:: WORK REQUIRED ::
Copy everything in the data below exactly except the pictures.

:: DATASET EXTRACT ::
·····
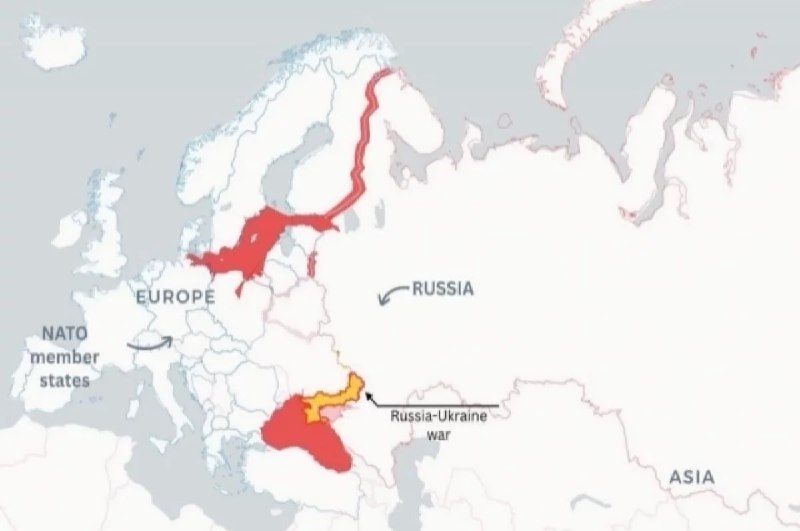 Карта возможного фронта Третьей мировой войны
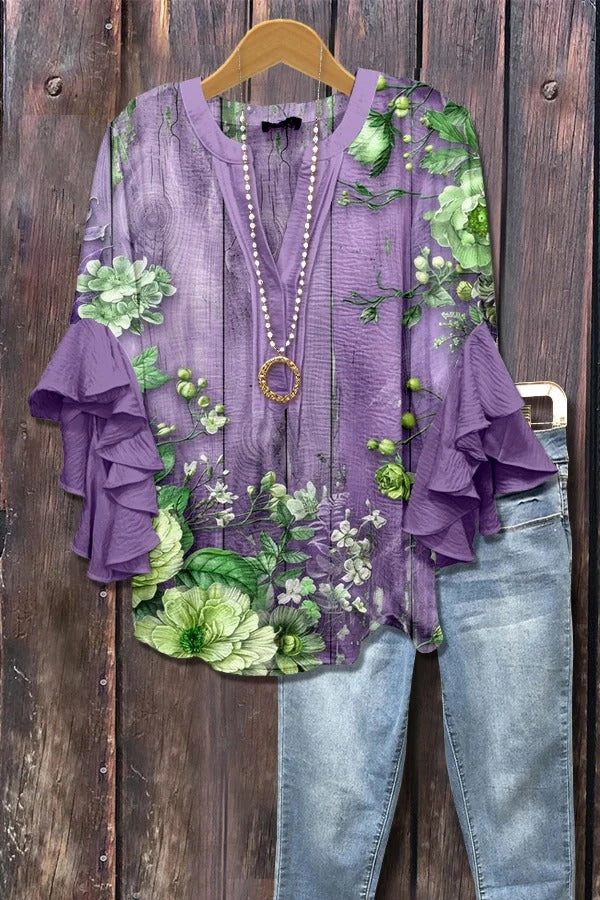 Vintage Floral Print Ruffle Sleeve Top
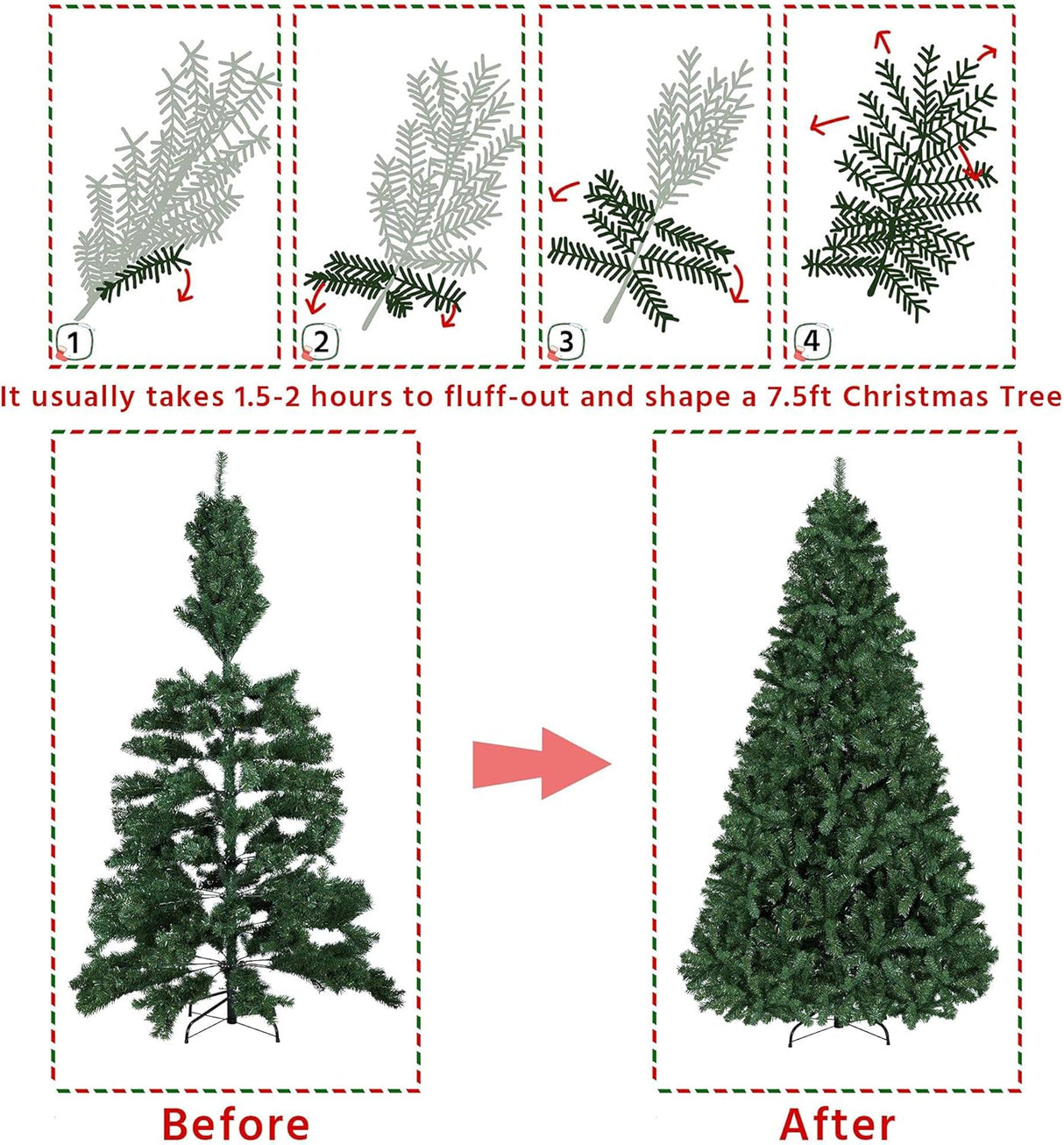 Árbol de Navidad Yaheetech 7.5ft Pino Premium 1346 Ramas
·····
:: ANSWER AREA ::
 Карта возможного фронта Третьей мировой войны
 Vintage Floral Print Ruffle Sleeve Top
 Árbol de Navidad Yaheetech 7.5ft Pino Premium 1346 Ramas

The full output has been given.